De minister heeft, om gedwongen ontslagen te voorkomen, ruimhartige vertrekregelingen toegestaan, waardoor liefst 7000 mensen zijn vertrokken en wij nu zelfs een tekort hebben van 2000 BBT'ers. De uitdaging is nu het op een verantwoorde wijze vullen van de organisatie, met goed opgeleid en gemotiveerd personeel. Ik raad hem aan daarbij de belangenverenigingen en medezeggenschapsraden te betrekken. Ik hoop ook dat hij bereid is de langetermijnplanning te bezien en volgend jaar een prinsjesdagbrief te publiceren, waarin hij de koers voor de krijgsmacht tot 2015 uitstippelt. De duidelijkheid en zekerheid van een tienjarenplan zal door iedereen, personeel, politici en bondgenoten, worden gewaardeerd. In die plannen moeten de drie hoofdtaken van de krijgsmacht als communicerende vaten worden gepresenteerd, zodat wij altijd op de krijgsmacht kunnen rekenen en niet alleen voor internationale, maar ook voor nationale taken.

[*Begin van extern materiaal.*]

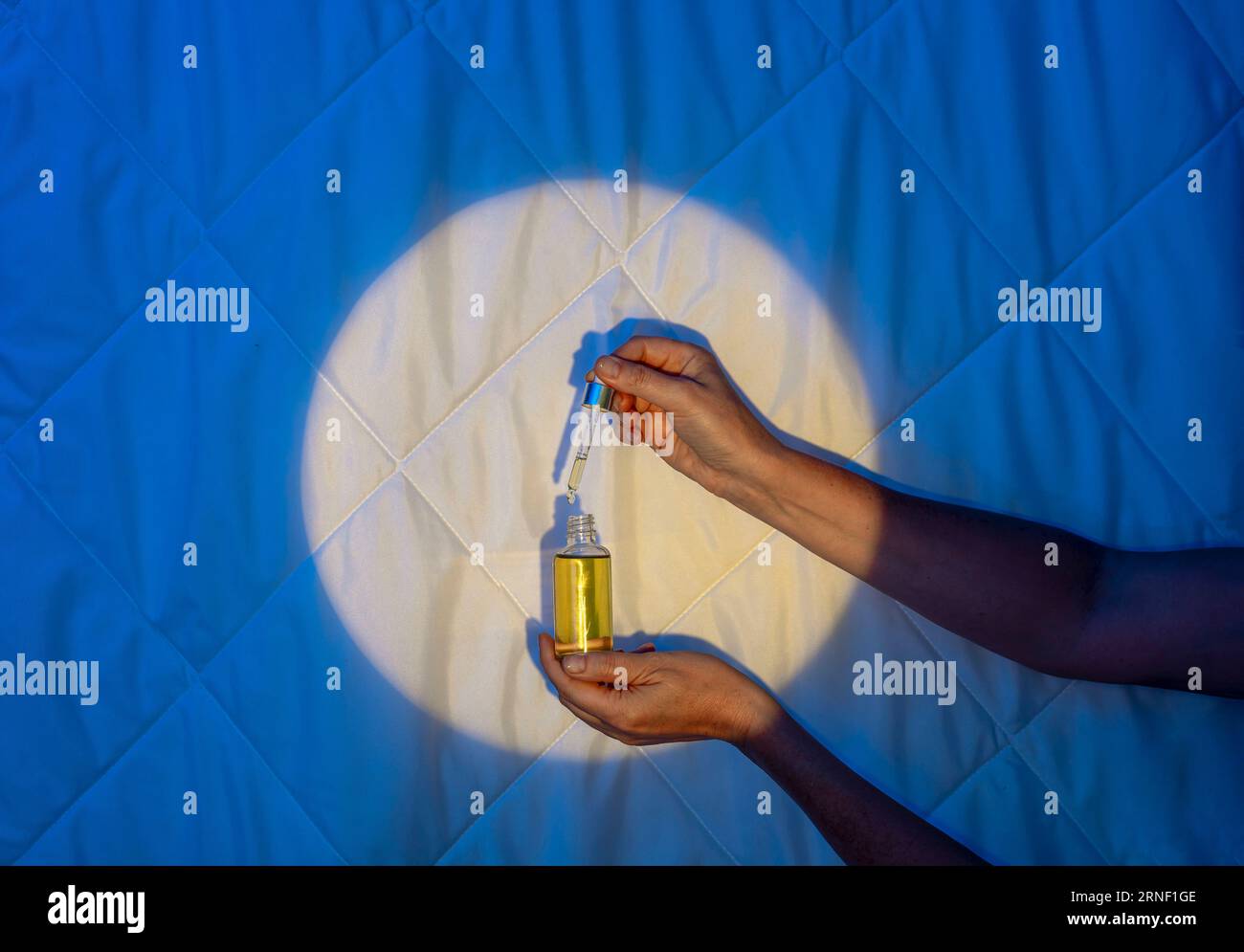 Beruhigende Schlummer: Wissenschaft hinter Schlafölen, Melatonin und Sweet Dreams, Tropfer mit Öl in der Hand Stockfoto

Defensie dient ook als smeltkroes en opleidingsinstituut voor de samenleving. Het burgerpersoneel en de militaire technici vormen de beste waarborg voor de beschikbaarheid rond de klok van modern materieel. Stelt u zich eens voor dat bijvoorbeeld het marinebedrijf verder zou zijn afgeslankt en het onderhoud van onderzeeboten in handen zou zijn gekomen van het nu failliete RDM. Wees daarom, zo druk ik de minister op het hart, voorzichtig met het verder uitbesteden van onderhoud. Bovendien kan de samenleving de opleidingsplaatsen bij Defensie gewoon niet missen. Collega Eijsink heeft tijdens het personeelsoverleg terecht de uitdrukking "kweekvijver" gebruikt.

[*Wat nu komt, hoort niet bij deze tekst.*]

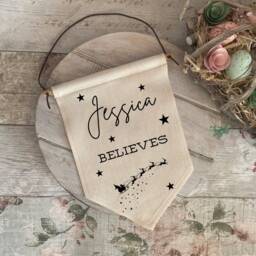 Personalised Christmas Flag, Wall Hanging, Santa Stop Here Sign, We Believe This House Believes Eve Box Gift - thumbnail 3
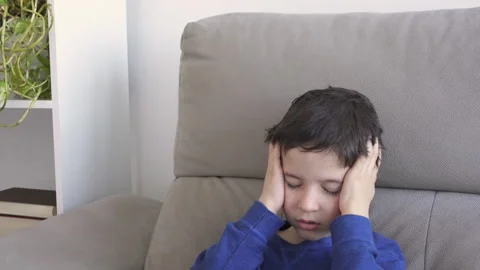 Scratching head sitting on a sofa Vidéo 253636560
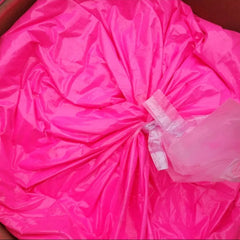 Pink plastic bag with tied closure, shiny material, and crinkled texture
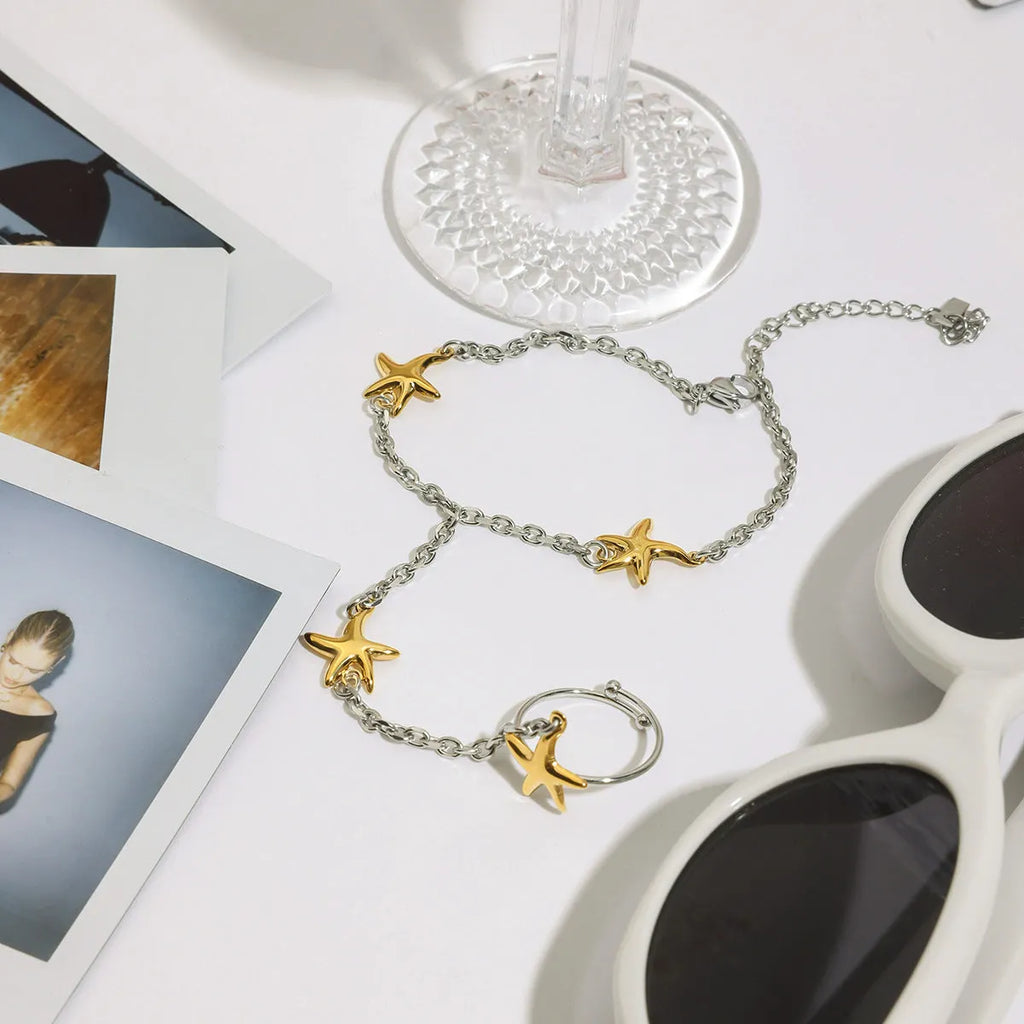 Women's stainless steel starfish mitten-type bracelet in gold and silver geometric chain style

De wereld zal onveilig blijven en jaarlijks zullen duizenden Nederlandse militairen worden uitgezonden. Zij verdienen het grootste respect voor hun inzet voor vrede en veiligheid. Zorg dan ook structureel voor goede nazorg. Veteranenzorg, met name de medisch psychische nazorg, is een kabinetsbrede verantwoordelijkheid. Wij hebben ook geen aparte ziekenhuizen voor politieagenten, machinisten of onderwijzers die door hun beroep in de problemen zijn geraakt. Wij kijken met spanning uit naar de zorgvisie die de bewindsman ons heeft toegezegd.

Ook het materieel en de infrastructuur van defensie moeten onderwerp zijn van integraal kabinetsbeleid. Het was penny-wise and pound-foolish om De Kooy te willen sluiten. De vraag of de marine korvetten nodig heeft, is eigenlijk al beantwoord door de studie grote-oppervlakteschepen. Waarom gaat de minister dan niet rond de tafel zitten met zijn collega van Economische Zaken?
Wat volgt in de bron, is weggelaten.